Our ldap VM was a 50G qcow2 image (actual size was 7.9G with on-demand expansion enabled). After a recent reboot, the VM image somehow became corrupted. The host os (ipfire) doesn’t report any filesystem issues, but qemu-img showed massive leaks and the VM filesystems were mostly garbled. I tried connecting to the image with a boot iso in rescue mode, but was barely able to recover the ldap database. I was able to restore their vm by copying their ldap database to a clone of our vm and copying it back up, but 24 hours later it is now corrupt as well.
Their firewall is a fairly modern Dell workstation with 1T drive and 8G memory (similar to what I am running here in Portland Oregon). They are on IPFire build 139, we’re on 136 (I’ve been too busy to update our system).

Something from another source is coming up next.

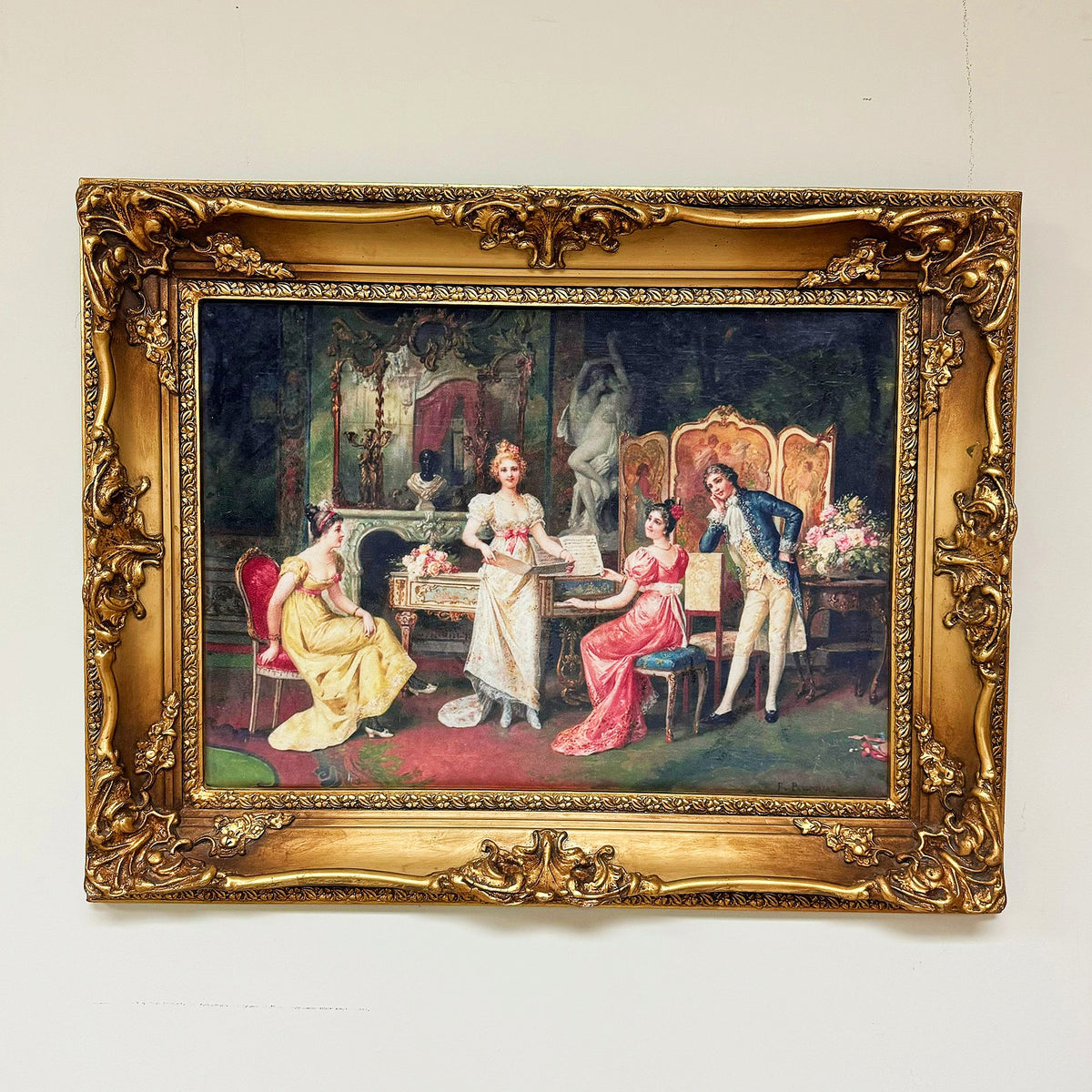 French Baroque Rococo Wall Art – Decorative Cotton Fabric Print with Ornate Gilded Frame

this should have most likely nothing to do with libvirt but instead with qemu (which was updated to version 4.1.0 ) or with a broken filesystem.
Could you post some logs or anything similar, so we can see what caused the corruption?
Looks like it may be an incompatibility with an older qcow2 format maybe? I’ll have to deep dive into qemu history to see.
The qemu log for the VM has this repeating multiple times:
qcow2_free_clusters failed: Invalid argument
I set this up originally almost 2 years ago here in our Oregon datacenter. When we opened our branch office in Bangalore, I cloned the ldap VM (far easier than starting from scratch). When the BLR office updated the firewall to build 139 was when we started seeing issues. Our PDX office is still on build 136.
I was able to recover the ldap database from the corrupt image and copy a fresh clone of the PDX VM. As soon as I copy the VM to IPFire, qemu-img check reports errors (leading me to believe in a qcow2 format change). I now have the VM running in a raw format image. So far no errors, but it has only been 24 hours.
I plan on testing this theory here locally on a test system. Will update this thread when I know more.